** DATA EXCERPTS follows **

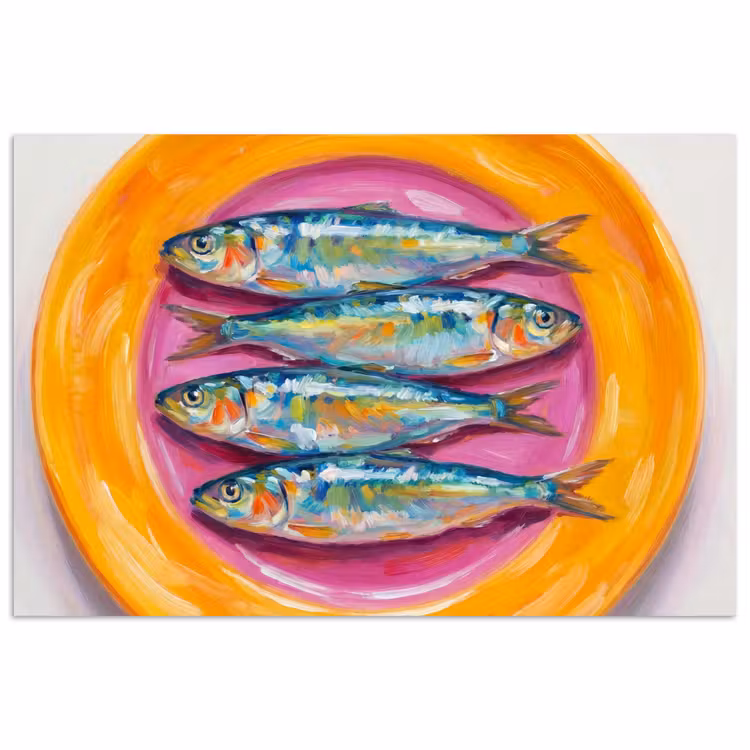 Poster - Vis - Vier - Eten - Modern - Kleurrijk — 1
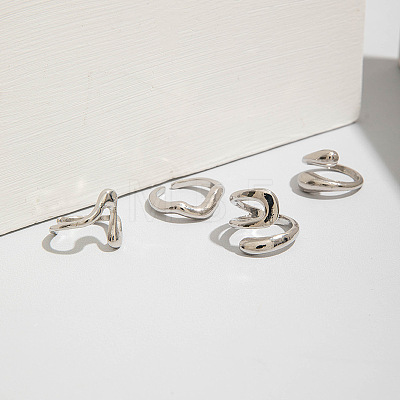 4Pcs Alloy Finger Rings Sets WG7802C-24-1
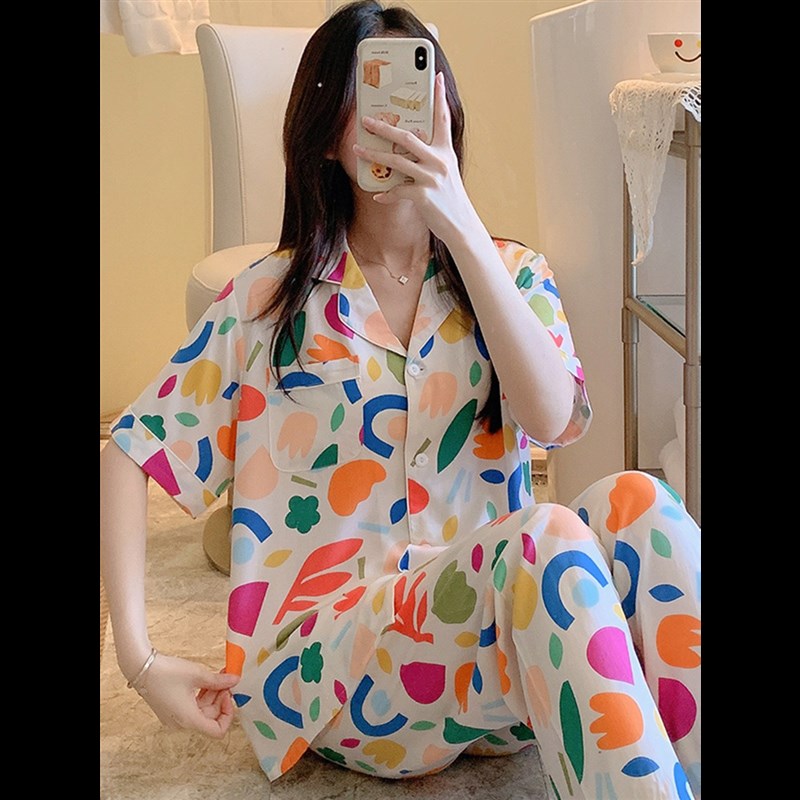 开衫棉绸睡衣女夏季新款短袖长裤人造棉家居服可外穿甜美绵绸套装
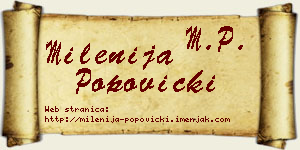 Milenija Popovicki vizit kartica
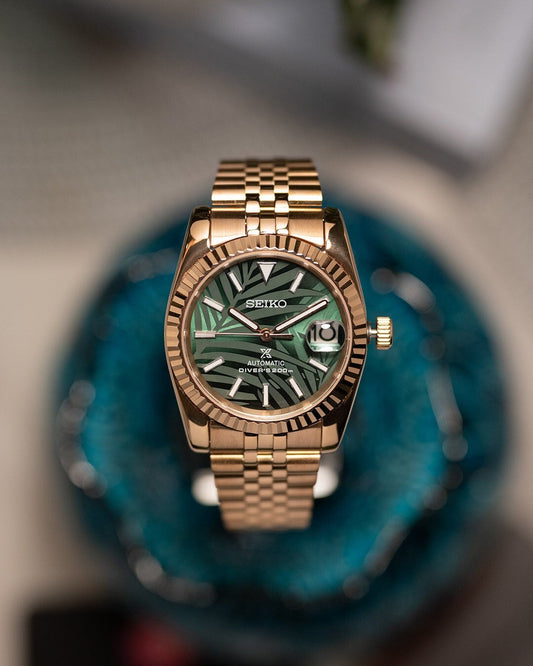 JB.WATCHMODS Custom Seiko Mod Rose Gold with Green Palm Dial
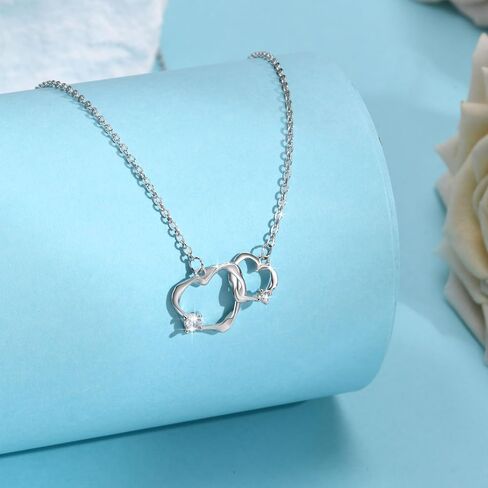 XUANPAI هدايا الأخت، المتشابكة 2 دوائر هدايا قلادة القلب للأخوات، الأخت الكبرى الأخت الصغيرة هدية BFF، هدايا عيد ميلاد الأخت من الأخت in Kuwait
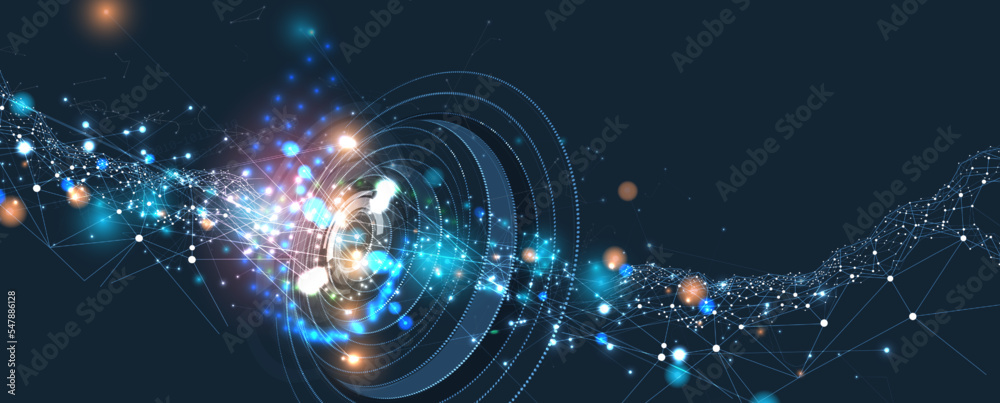 Poster Quantum processing. Deep learning artificial intelligence. Future new technology  for business or science presentation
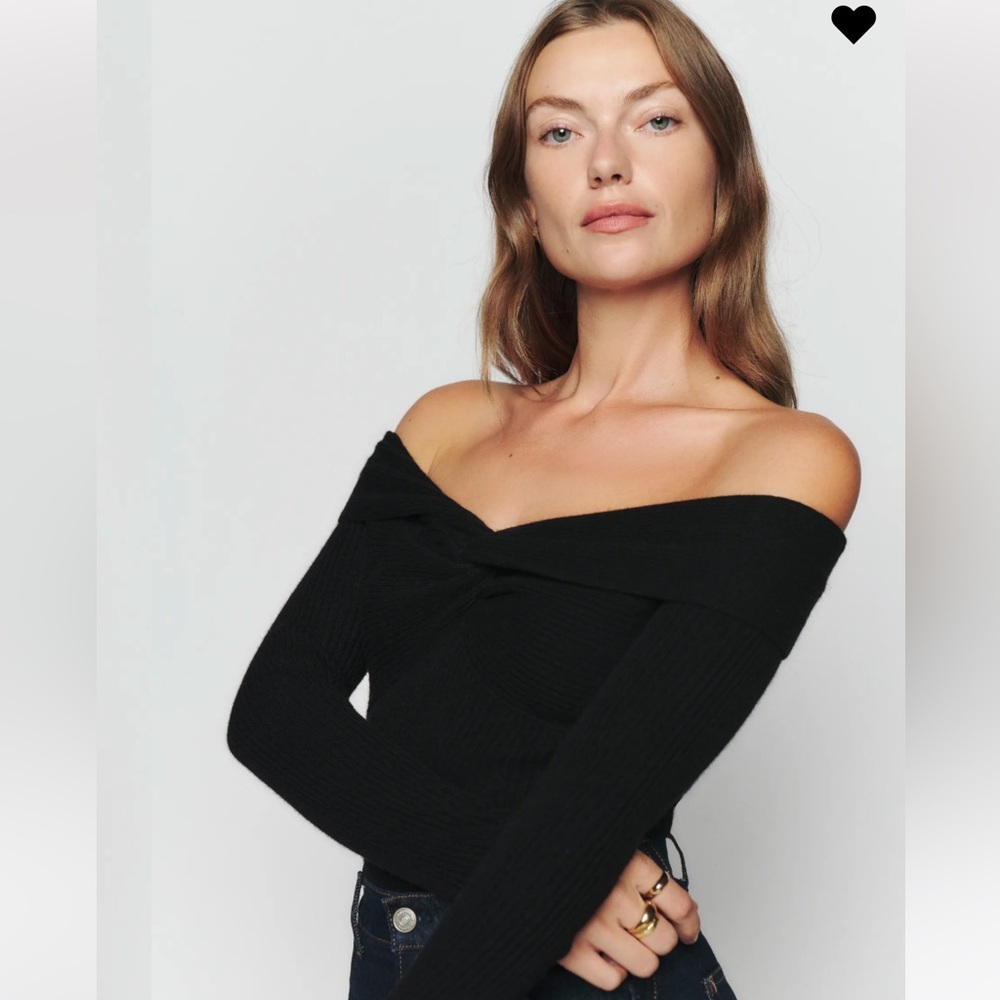 Natalia Cashmere Twist Front Sweater, Black, Medium, New w/ Tags, Never worn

** End of DATA EXCERPTS **

WHAT YOU HAVE TO DO | Leave out the pictures and copy exactly the lines from the one with "开衫棉绸睡衣女夏季新款短袖长裤人造棉家居服可外穿甜美绵绸套装" through the last line of the records above.

TASK RESPONSE |
 开衫棉绸睡衣女夏季新款短袖长裤人造棉家居服可外穿甜美绵绸套装
 Milenija Popovicki vizit kartica
 JB.WATCHMODS Custom Seiko Mod Rose Gold with Green Palm Dial
 XUANPAI هدايا الأخت، المتشابكة 2 دوائر هدايا قلادة القلب للأخوات، الأخت الكبرى الأخت الصغيرة هدية BFF، هدايا عيد ميلاد الأخت من الأخت in Kuwait
 Poster Quantum processing. Deep learning artificial intelligence. Future new technology  for business or science presentation
 Natalia Cashmere Twist Front Sweater, Black, Medium, New w/ Tags, Never worn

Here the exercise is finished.